Serious challenges nevertheless remained for U.S. drug control officials, especially in the Caribbean and Mexico. Mexican authorities at all levels remained susceptible to bribery and threats from that nation's major drug organizations even as cartel leaders were arrested and faced the prospect of extradition to the United States to face trial for their activities. During a visit to Washington in late summer 2001 President Vicente Fox pledged to cooperate closely with the administration of George W. Bush on common problems related to drugs. Whether that effort would be enough to lessen the expanding role of the drug business in Mexican politics, particularly at the state level, remained to be seen.
Illicit drugs from Latin America that were not transported to the United States from Mexico often came through Caribbean nations where authorities were unable, and in some instances unwilling, to handle a problem as complex as the one posed by drugs. The result was a greater presence of U.S. law enforcement personnel as advisers. Even Cuba began to share information with Washington about drug trafficking. Nothing happened in either Mexico or the Caribbean to suggest that drug control would soon disappear as a major foreign policy issue in the region.
However serious a challenge drugs posed to governance elsewhere, that threat paled in comparison to drug-related problems in Colombia. By 2002 foreign assistance to Colombia as part of Plan Colombia, a multiyear effort by the government of President Andres Pastrana to wipe out the drug business and defeat his nation's guerrilla insurgencies, made Colombia the third-largest recipient of U.S. foreign aid behind Israel and Egypt. Indications of progress by Bogotá against drugs in the early and mid-1990s proved illusory. Neither the destruction of the Medellín and Cali cartels nor the death or incarceration or extradition to the United States of cartel leaders slowed the traffic in cocaine and crack, heroin, and (to a lesser extent) marijuana out of Colombia. Indeed, antidrug assistance served to embroil the United States more deeply than anticipated in the Colombian crisis. The government in Bogotá controlled barely 60 percent of the national territory. How U.S. aid could affect that perilous situation remained anyone's guess. The leftist insurgency had begun in the mid-1960s and showed little sign of abating, all the more so because rebel forces increasingly relied upon income from drugs to fund their activities. Negotiations between the government and rebels had created a safe zone, dubbed "Narcolandia." Should a settlement eventuate, there was no way of predicting its durability.

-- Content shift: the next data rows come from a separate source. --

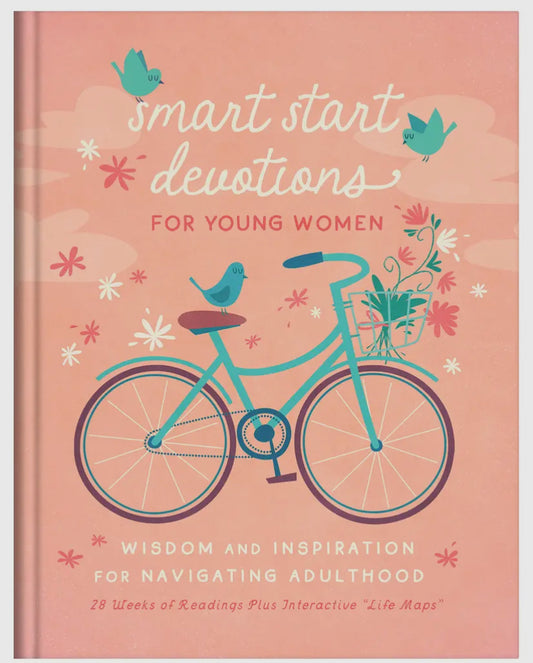 Smart Start Devotions for Young Women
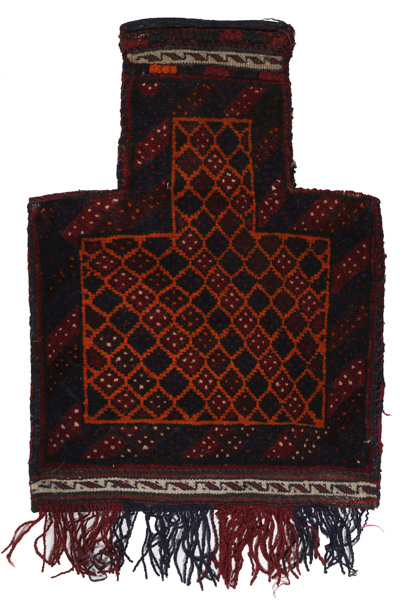 Baluch - Saddle Bag Persialainen matto 53x38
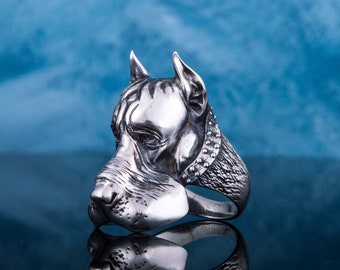 great dane ring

What had begun a hundred years earlier as an effort by the United States to promote social reform abroad was closely linked in the twenty-first century with matters of governance and national identity. Foreign lands continued to supply the United States with illicit substances; in so doing they met rather than created a demand for drugs, though U.S. leaders did not publicly admit that reality until the early 1990s. The more that supplier and transit nations accepted U.S. antidrug strategy, and declared drugs to constitute a security threat, the more difficult for them became the process of governing. Attention to demand alone, long advocated by some producer states, could not overcome the multifaceted problems posed by drugs. For better or worse drug control had become an important, sometimes crucial, facet of American foreign policy.